Indeed, Walworth is a truly global player. It has extended its reach beyond North America, Central America and South America and into Algeria, Egypt, Israel, Kazakhstan, Kuwait, Malaysia, Nigeria, Qatar, and South Africa, as well as European countries and other countries in Asia.
FIVE-YEAR GROWTH SPURT
The Waisburd/Walworth era has already taken the company far in a very short time. “Initially, the situation was very difficult for us, because we came into a company that was in very bad shape,” relates Waisburd. “But we dealt very aggressively with the then existing problems and, as a result, we’ve enjoyed substantial growth each year.”
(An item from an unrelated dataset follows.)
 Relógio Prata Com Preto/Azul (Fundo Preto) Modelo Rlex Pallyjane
He reports that the company experienced 40-percent growth the first year that his father headed the company. In the second year, Walworth recorded 45-percent growth. The following year, growth increased to 50 percent. The past couple of years saw 25-percent growth. Translating all of that into dollars, Waisburd reveals: “We started with sales of $10 million a year. This year, we will do more than $75 million.”
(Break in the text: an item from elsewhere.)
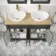 Lucia Graphite Grey Double Vanity Oak Effect Top & Oval Counter Top Basin 1200mm - Knurled Handles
Offering what can be considered a significant understatement, he adds, “So, looking over the past five years, we have been pretty successful in dealing with the problems that we inherited.”
Still, the company faces other challenges as it continues moving forward, including the increasing costs and availability of raw materials. But the Waisburds have positioned Walworth well to face these issues, by establishing its new facilities and increasing its inventory – measures that will ultimately enable it to better penetrate its target markets and deliver finished products to the market customers in a more timely fashion.
Looking ahead, Waisburd says the company is investing in yet another China facility, slated to open in 2009. “Also, we will be making investments in other products for oil exploration,” he adds. “As such, we plan to open facilities in Venezuela and Columbia, also in 2009. In addition, we’re exploring more possibilities in Europe.”
Still, Walworth considers itself a relatively small company in the valve market. “We compete against companies that record sales in the $800 million to $2 billion range,” indicates Waisburd.
As Waisburd’s assessment suggests a David vs. Goliath scenario, larger competitors may want to consider the kind of stones this smaller organization can sling. They should also be wary of the force and velocity behind the projectiles. After all, look how fast and far Walworth has come since the Waisburds took over.